SPARQL Engine User Manual

SPARQL Engine

User Manual

Introduction
Intended Use
Supported RDF Servers
The Basics of Engine Use
Writing an Adapter
Using the Engine as a Frontend
Customizing an Adapter
- Selecting a Set Logic

Introduction

SPARQL

SPARQL is a query language currently under design by the Data Access Working Group of the World Wide Web Consortium. It is the first attempt to establish a neutral query language for RDF data, in the hopes of maturing the activities of the "Semantic Web". With a standardized query language, RDF implementations can be changed while maintaining the same client side implementation. As a positive example, SQL was developed as a relational database query language, was accepted by the database community, and serves to ease developer transition between database servers. For more information on SPARQL, see the current W3C working draft or the SPARQL Manual.

Background

This engine was originally created as an open source project funded by Google's Summer of Code 2005 program. The goal of the project was to create a SPARQL query handling engine for Sesame (an open source RDF server solution), which currently did not have SPARQL handling capabilities. In the process of investigating a solution, it was found that it wouldn't take much more effort to enable the engine to be used by any RDF server that wanted SPARQL handling capabilities. Therefore, a design was developed in attempt to make the language very flexible yet still retain most of the efficiency of a custom build query engine. An engine like this would be a boon for the RDF server field because 1) it would be save time since similar evaluation code wouldn't have to be written for each engine and 2) updates and changes to the specification could be easily propagated to client servers.
Intended Use

The engine and this document is actually intended for two audiences/use cases:
1. Backend plug-in for RDF server - The end user of the server never has to know it's there or being used.
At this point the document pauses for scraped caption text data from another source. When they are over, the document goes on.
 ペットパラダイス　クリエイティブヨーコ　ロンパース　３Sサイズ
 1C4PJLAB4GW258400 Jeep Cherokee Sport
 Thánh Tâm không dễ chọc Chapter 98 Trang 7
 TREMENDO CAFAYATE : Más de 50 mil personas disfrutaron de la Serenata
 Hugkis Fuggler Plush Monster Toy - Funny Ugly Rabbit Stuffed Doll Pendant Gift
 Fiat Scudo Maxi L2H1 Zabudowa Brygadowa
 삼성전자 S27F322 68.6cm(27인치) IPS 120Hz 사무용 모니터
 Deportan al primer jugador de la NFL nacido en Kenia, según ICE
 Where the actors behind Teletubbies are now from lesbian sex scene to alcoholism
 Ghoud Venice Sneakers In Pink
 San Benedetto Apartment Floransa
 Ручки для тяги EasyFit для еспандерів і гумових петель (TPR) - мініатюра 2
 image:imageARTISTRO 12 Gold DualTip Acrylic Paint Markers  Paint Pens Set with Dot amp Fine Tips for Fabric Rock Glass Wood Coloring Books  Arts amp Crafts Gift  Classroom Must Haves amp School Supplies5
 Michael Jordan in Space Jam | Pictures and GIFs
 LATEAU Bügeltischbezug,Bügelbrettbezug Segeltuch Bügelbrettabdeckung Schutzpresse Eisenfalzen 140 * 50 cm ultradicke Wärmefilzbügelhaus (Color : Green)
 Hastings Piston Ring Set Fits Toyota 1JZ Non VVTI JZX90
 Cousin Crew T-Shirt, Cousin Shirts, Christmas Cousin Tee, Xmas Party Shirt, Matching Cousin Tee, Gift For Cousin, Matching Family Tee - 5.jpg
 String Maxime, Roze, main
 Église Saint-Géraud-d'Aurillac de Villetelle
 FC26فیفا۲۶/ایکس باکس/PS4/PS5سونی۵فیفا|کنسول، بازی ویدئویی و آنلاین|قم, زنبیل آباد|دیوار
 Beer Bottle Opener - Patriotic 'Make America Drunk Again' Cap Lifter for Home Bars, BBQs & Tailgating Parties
All it requires is a written adapter library and library inclusion on the classpath, most likely distributed with the server.
2. Front-end customized query handler - While not originally intended for this use, it can actually be used to extend the SPARQL language with user value functions. It's expected that this part will actually become more powerful in the future, as new ways of giving the front-end user more flexibility are put in.
Natively Supported RDF Servers

Because the engine was originally meant to be fitted to Sesame, a lot of the terminology and class patterns have been taken from the Sesame 2 codebase. Regardless of which RDF server fits your needs, the design of the newest incarnation of Sesame is very elegant, efficient, and this document may reference ideas that were gleaned from that server. That being said, SPARQL does not depend on the Sesame server, nor is it written to be specific to the server. It's possible that another server that uses a very different way of finding triples in it's RDF persistence might not be able to use the engine because of assumptions made. However, at least Jena and Sesame are quite compatible with the architecture and it's hoped that many others will be as well.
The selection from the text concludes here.